Question

Solve the following differential equations. \(D(D+5) y=0\)

Short answer

The solution is \(y(x) = C_1 + C_2 e^{-5x}\).

Step-by-step solution

Rewrite the differential equation

The given differential equation is in terms of the operator notation. Rewrite the equation: \(D(D+5) y=0\).This can be expanded to: \(D^2 y + 5 D y = 0\).

Solve the characteristic equation

Transform the differential equation into its characteristic equation. For the operator \(D\), where \(D = \frac{d}{dx}\), the characteristic equation is given by:\(r^2 + 5r = 0\).

Find the roots

Solve the characteristic equation for \(r\): \(r^2 + 5r = 0\). This can be factored as: \(r(r + 5) = 0\). Thus, the roots are: \(r = 0\) and \(r = -5\).

Write the general solution

With the roots \(r_1 = 0\) and \(r_2 = -5\), the general solution to the differential equation is: \(y(x) = C_1 e^{0x} + C_2 e^{-5x}\).Simplify this to:\(y(x) = C_1 + C_2 e^{-5x}\), where \(C_1\) and \(C_2\) are constants.

Key concepts

Characteristic Equation

When solving a differential equation, transforming it into its characteristic equation is a crucial step. The characteristic equation serves as a bridge between the differential equation and algebra, allowing us to find solutions more easily.
For our given differential equation: \(D(D+5) y=0\). We convert this into \(r^2 + 5r = 0\), by substituting each differential operator \(D\) with \(r\). This makes the equation algebraic, easier to solve.
In general, converting to a characteristic equation works for linear differential equations with constant coefficients. Here are the steps summarized:

• Replace each differential operator with a variable, usually denoted as \(r\).
• Set up an algebraic equation.
• Solve the algebraic equation to find the roots.
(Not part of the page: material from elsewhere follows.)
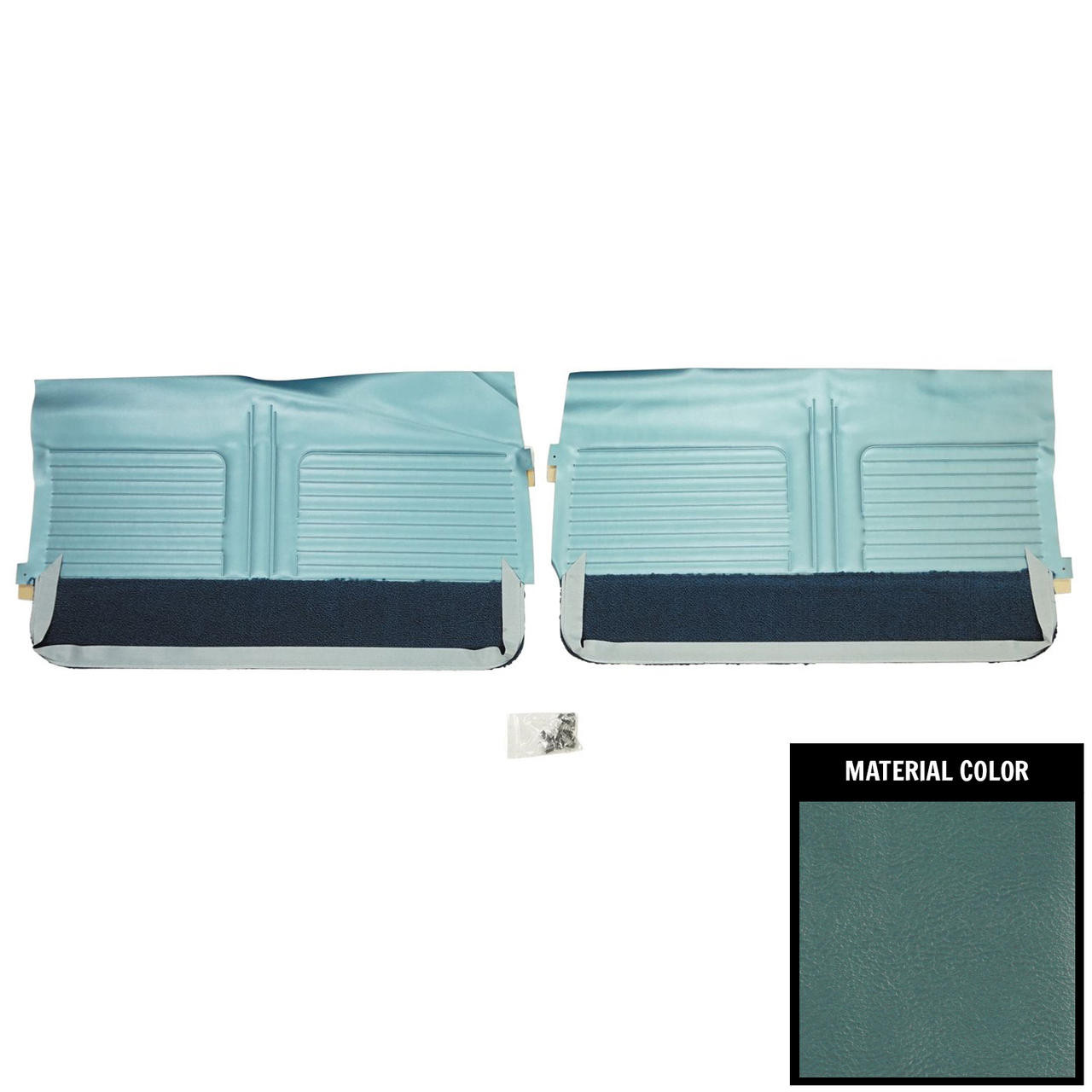 PUI Interiors 1966 Oldsmobile Cutlass Holiday Light Blue Front Door Panels - 66CD12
This transformation helps to find the solutions, called roots, which are essential for the next steps.

General Solution

The general solution of a differential equation represents all potential solutions, encapsulating all possible behaviors of the equation.
For our example, after finding the roots of the characteristic equation \(r = 0\) and \(r = -5\), we use them to construct the general solution:

• For each root, we write a term \(C_i e^{r_i x}\), where \(C_i\) is a constant and \(r_i\) is a root.
• Here we get two terms: \(C_1 e^{0x}\) and \(C_2 e^{-5x}\).
• Summing these terms yields the general solution: \(y(x) = C_1 + C_2 e^{-5x}\).
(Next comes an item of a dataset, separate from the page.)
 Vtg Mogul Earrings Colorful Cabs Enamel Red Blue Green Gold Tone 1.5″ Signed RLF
The general solution includes all specific solutions by varying the constants \(C_1\) and \(C_2\). This represents multiple behaviors based on initial conditions.

Roots of Polynomial

The roots of a polynomial are the values that satisfy the equation when it is set to zero. In our characteristic equation \(r^2 + 5r = 0\), the roots are solutions to this equation.
To find the roots:

• First, factor the polynomial: \(r(r + 5) = 0\).
• Next, set each factor to zero: \(r = 0\) and \(r + 5 = 0\).
• Solve each factor: \(r = 0\) and \(r = -5\).

These are the roots of our characteristic polynomial. Each root represents an exponential solution to the original differential equation. Hence, finding these roots is pivotal for forming the general solution.